【読書感想文】『サッカー指導者が現場で大切にしている伝え方』~サッカー指導者は伝え方で決まる-机上は緻密に、現場は柔軟に-~

サッカーファンの間で、戦術が存在感を強めている。

チームはどんなフォーメーションで戦っているのか。ビルドアップやプレスの仕方が話題の中心に立ち、可変式フォーメーションが脚光を浴びている。戦術的に試合を見ることを目指す人が増加し、戦術的な視点が1つのステータスになりつつあることも否定できない。戦術なしにはサッカーを語れないと感じることもあるくらいだ。

戦術はサッカーを楽しく見るときにとても有効なツールだと思う。なぜなら、試合のポイントを独自に設定することができるから。しかし、自分の戦術論を棚に上げて、チームや監督、選手を軽視するのは間違っている。

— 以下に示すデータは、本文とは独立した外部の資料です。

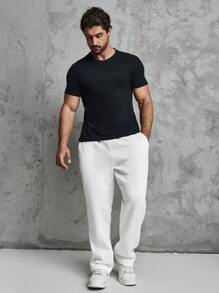 Manfinity Homme Pantalon De Jogging Grande Tailles Pour Hommes, Unicolore Couleur Avec Cordon De Serrage À La Taille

根拠のない机上の空論を振りかざすのは、現場へのリスペクトを欠くから好きではない。

果たして、戦術は現場でどれくらい重要視されているのか。

2021年に大宮アルディージャを指揮し、現在は大分トリニータでヘッドコーチを務める岩瀬健氏は本書で「指導者はサッカーの理論を学ばなければいけない。だけど、それを欲しがる選手は、指導者が考えるよりも少ない」と述べている。

これを読んで“戦術は重要だが、すべてではない”と考えるようになった。

もちろん、それぞれの監督に目指すサッカーはある。ボールを握りたいのか、縦に早く攻めたいのか。前からボールを奪いに行きたいのか。理想の戦術は千差万別だ。

その中で岩瀬氏は、戦術を選手に押し付けてはいけないと言う。ロジック(論理)とフィーリング(感覚)のバランスは個人差がとても大きく、細かく戦術的な指示をした方が良い選手とそうではない選手がいるのだ。「説得ではなく納得してもらうように伝えることを心掛ける。ロジックは緻密に持って、伝え方はポップに」プレーのコツを掴んでもらう方が大事なようだ。具体例として、ハーフスペースという言葉ではなく、左斜め前などピッチに立つ選手の目線に近い言葉も用意していたと紹介されていた。

私たちが普段多用しているカタカナの戦術用語は現場ではそれほど飛び交っていない。そう思った。あくまでも戦術は複雑なサッカーを分かりやすく楽しむために有効なツールに過ぎないのかもしれない、と。

その他にも練習の組み立て方、ゲーム分析の方法などサッカー指導者の考え方が紹介されている。現場で戦う人が何を考えているのか、何を基準にしているのか。生の声を知ることで、自分の考えを見つめ直すきっかけになった。